Project - Second Draft Proposal - Bo, Kevin, Rushin
Social Media Analysis (10-802) Project Proposal
Bo Lin [email@example.com]
Kevin Dela Rosa [firstname.lastname@example.org]
Rushin Shah [email@example.com]
Title: Fine & coarse grain clustering of tweets based on topics
We propose to tackle the problem of clustering twitter messages (tweets) for a set of six predefined topics: Politics, Sports, Science/Technology, Entertainment, Finance, and "Just for Fun". We propose to address problem by gathering twitter data for approximately 30 popular hash tags corresponding to the different topics and performing some language and/or topic modeling on the tweets to produce a set of clusters, and then comparing those cluster against the one's defined by the different tags.
This problem is motivated by the observation that hash tags are approximate indicators of a tweets topics, and a desire to cluster user tweets into topic in an analogous way to how Google clusters new articles. Some of the challenges for this project include the fact that tweets are short (on average around 10 words) and noisy (filled with jargon, abbreviations, and misspellings).

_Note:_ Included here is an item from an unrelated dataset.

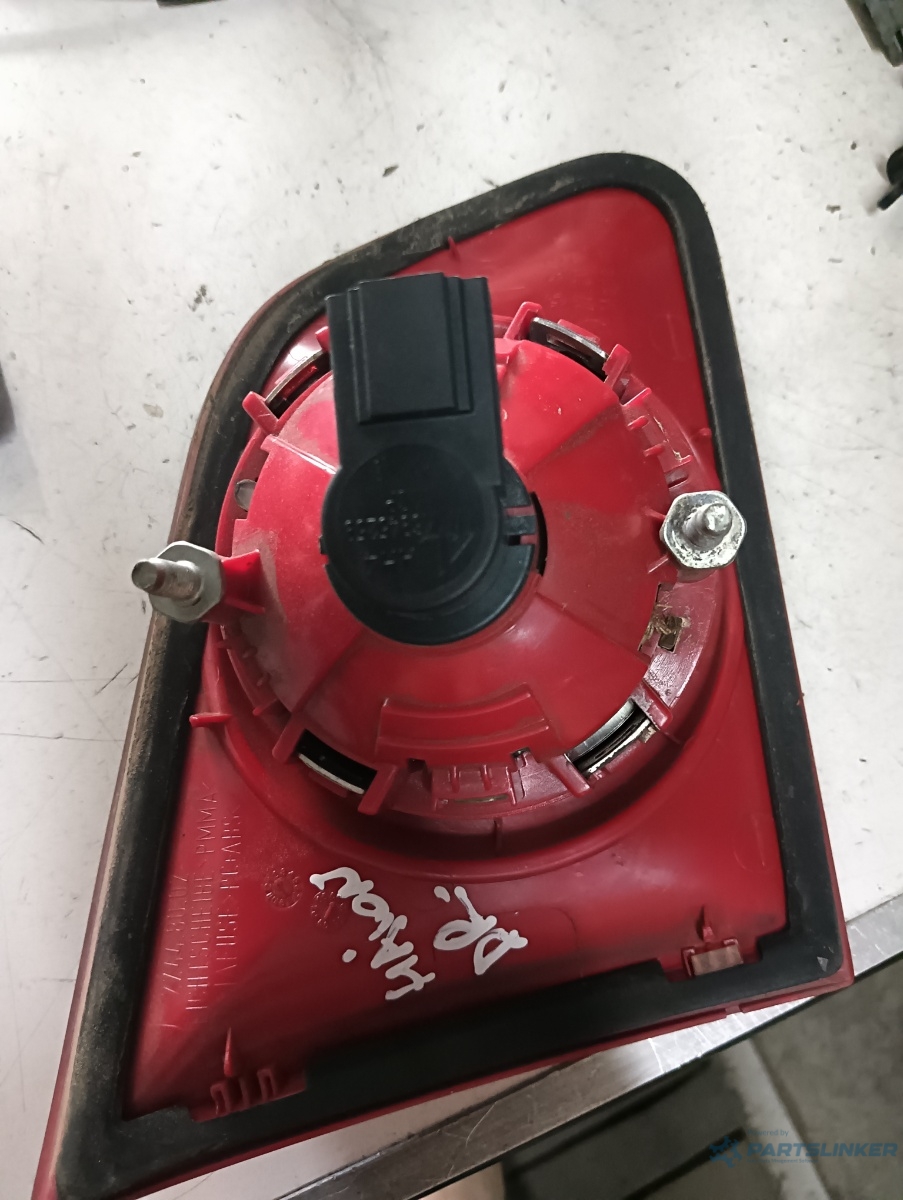 Lampa spate / stop dreapta spate VOLKSWAGEN PASSAT Variant (3C5) [ 2005 - 2011 ] OEM 3c9945094a – foto 2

The specific tasks that we plan to look at are:
- Task 1: (Coarse grain clustering) Can we cluster the tweets into 6 different clusters (unsupervised, not classification), and how well will these clusters correspond to our 6 predefined clusters of tweets?
- Task 2: (Fine grain clustering) Can we cluster the tweets into approximately 30 clusters, and how well will these correspond to our hash tags?
- Task 3: For tweets of a given topic (out of the 6), can we cluster those tweets into the approximately 5 corresponding "sub-topics" as indicated by the hash-tags?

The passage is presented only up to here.